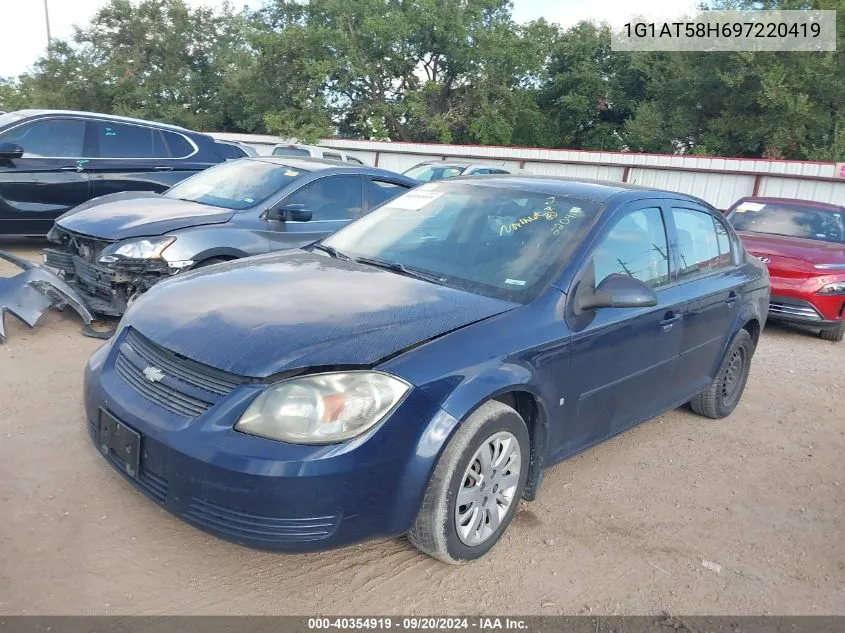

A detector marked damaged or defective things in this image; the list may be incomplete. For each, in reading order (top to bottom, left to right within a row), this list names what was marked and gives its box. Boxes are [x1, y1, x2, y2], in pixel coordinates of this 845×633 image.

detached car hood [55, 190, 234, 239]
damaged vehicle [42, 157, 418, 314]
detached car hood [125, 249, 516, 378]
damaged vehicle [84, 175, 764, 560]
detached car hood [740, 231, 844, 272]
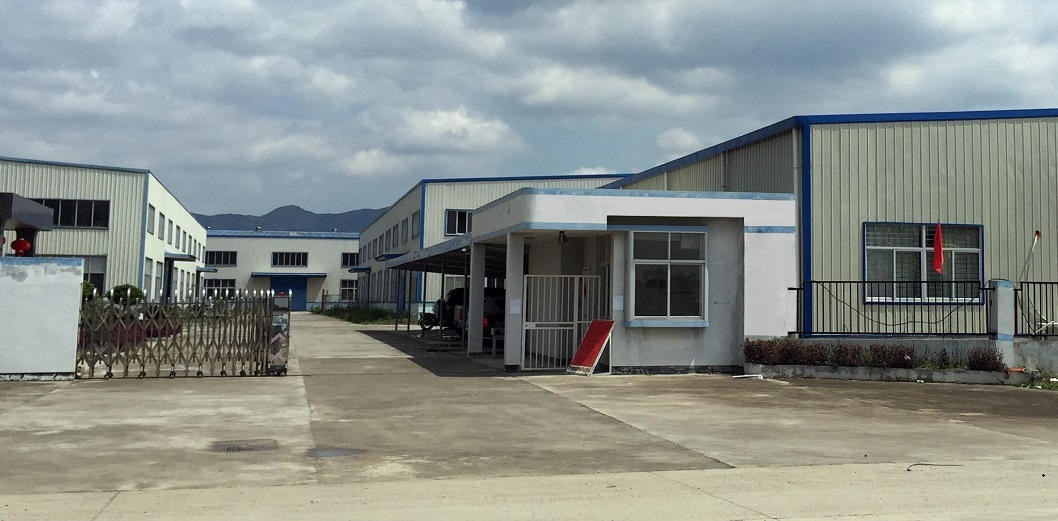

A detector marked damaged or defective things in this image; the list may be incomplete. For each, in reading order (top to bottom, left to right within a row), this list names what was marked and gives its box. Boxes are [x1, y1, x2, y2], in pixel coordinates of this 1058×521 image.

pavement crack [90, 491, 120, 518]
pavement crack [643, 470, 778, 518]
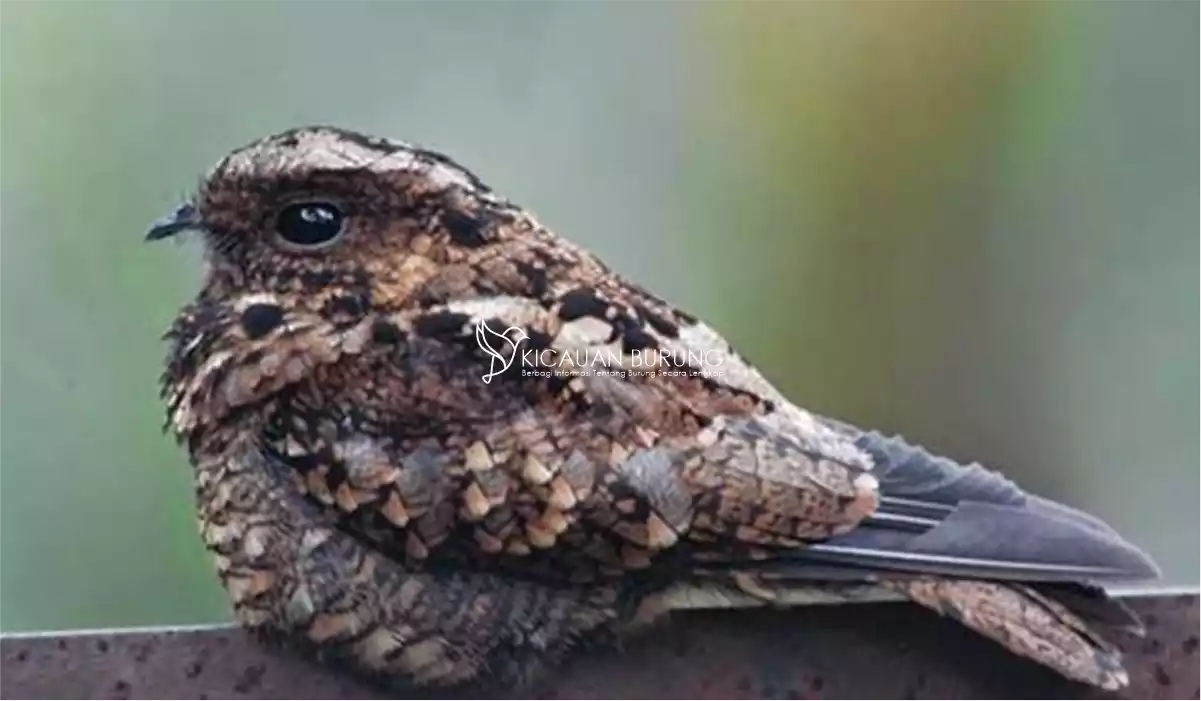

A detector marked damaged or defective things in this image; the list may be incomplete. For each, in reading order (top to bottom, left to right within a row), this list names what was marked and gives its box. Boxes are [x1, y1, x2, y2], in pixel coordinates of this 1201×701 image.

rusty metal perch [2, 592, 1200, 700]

# # # # # # #

Retype every record above exactly as written, but leave out the pictures.

Your solution:
A detector marked damaged or defective things in this image; the list may be incomplete. For each, in reading order (top to bottom, left to right within a row), this list names what was marked and gives its box. Boxes are [x1, y1, x2, y2], in pixel coordinates of this 845×633 image.

detached car hood [55, 190, 234, 239]
damaged vehicle [42, 157, 418, 314]
detached car hood [125, 249, 516, 378]
damaged vehicle [84, 175, 764, 560]
detached car hood [740, 231, 844, 272]

A detector marked damaged or defective things in this image; the list may be incomplete. For each, in reading order (top to bottom, left to right within a row), this list names what was marked and gives its box. Boxes are [x1, y1, x2, y2], in pixel coordinates of this 1058×521 image.

pavement crack [90, 491, 120, 518]
pavement crack [643, 470, 778, 518]

A detector marked damaged or defective things in this image; the list may be incomplete. For each, in reading order (top to bottom, left to right within a row), this list names what was marked and gives its box. Boxes are [x1, y1, x2, y2], in pixel coordinates of this 1201×701 image.

rusty metal perch [2, 592, 1200, 700]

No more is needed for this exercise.